Be careful what you wish for: The LNG market in 2015

Be careful what you wish for: The LNG market in 2015

What a difference a year makes. The LNG market has flipped from short to long in the past 12 months – from worrying about a lack of supply to meet surging demand, it now faces a period of strong supply growth but a faltering need for the fuel.

Four new LNG plants could be online in Australia by the end of this year, starting with Queensland Curtis LNG, which loaded its first cargo in early January. In the United States, Sabine Pass will start up and bring the first LNG from the lower 48 states, while in Colombia Pacific Rubiales is racing to install the world’s first floating liquefaction plant.

However, some existing plants are still out of action – principal among them Angola LNG and Egypt’s two facilities – and others are under threat from domestic turmoil (Yemen LNG) or changing demand dynamics (Indonesia).

On the demand side, the market’s two key buyers – Japan and South Korea – appear to have reached a peak. Japan’s gas imports have grown steadily since the Fukushima accident in 2011, from 70 mt in 2010 to a record 88.5 mt last year. But as the first of the country’s nuclear reactors are due to restart this year – and overall energy demand weakens – 2014 looks likely to have been the high point.

There are signs South Korean demand could also be waning, Chinese growth is not looking as strong as expected, and the signing of two pipeline supply deals with Russia has furthered dampened forecasts for China’s LNG appetite. Europe remains a gas demand graveyard, while the prospect of imports to North America never even got off the ground before the shale revolution took hold.

On the bright side

There are positive signs. South America is becoming the star region in the global market and remains an engine for demand – although Argentina’s continuing economic difficulties threaten its ability to pay for cargoes. It appears demand could pick up in India – a huge market, with significant import capacity and a government that seems willing to reform energy subsidies to make investment more attractive.

Meanwhile, Indonesia and Malaysia have turned their attention to supplying domestic gas demand and are gradually moving from being net exporters to net importers.

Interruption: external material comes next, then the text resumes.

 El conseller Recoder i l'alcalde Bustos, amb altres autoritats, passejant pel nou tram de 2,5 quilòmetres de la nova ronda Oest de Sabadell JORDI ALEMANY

But despite this, on balance many expect the LNG market to remain well supplied for the next couple of years. The danger is that this short-term market balance will affect long-term investment decisions about new projects. The global LNG trade is still expected to grow strongly in the coming decade, and with a typical lead time of more than five years between FID and startup date, negative sentiment now could hurt supply growth around 2020.

Elephant in the room

Of course, feeding into all of the uncertainty is the dramatic drop in oil prices seen in the past six months.

LNG buyers and sellers will want more clarity on the future direction of prices before they commit to long-term oil-linked contracts. Economists are split on how long oil prices will stay low – some more optimistic observers predict a year or less of low prices, while pessimists have forecast a slump of up to three years and even advocate a more structural, rather than cyclical, shift in the market.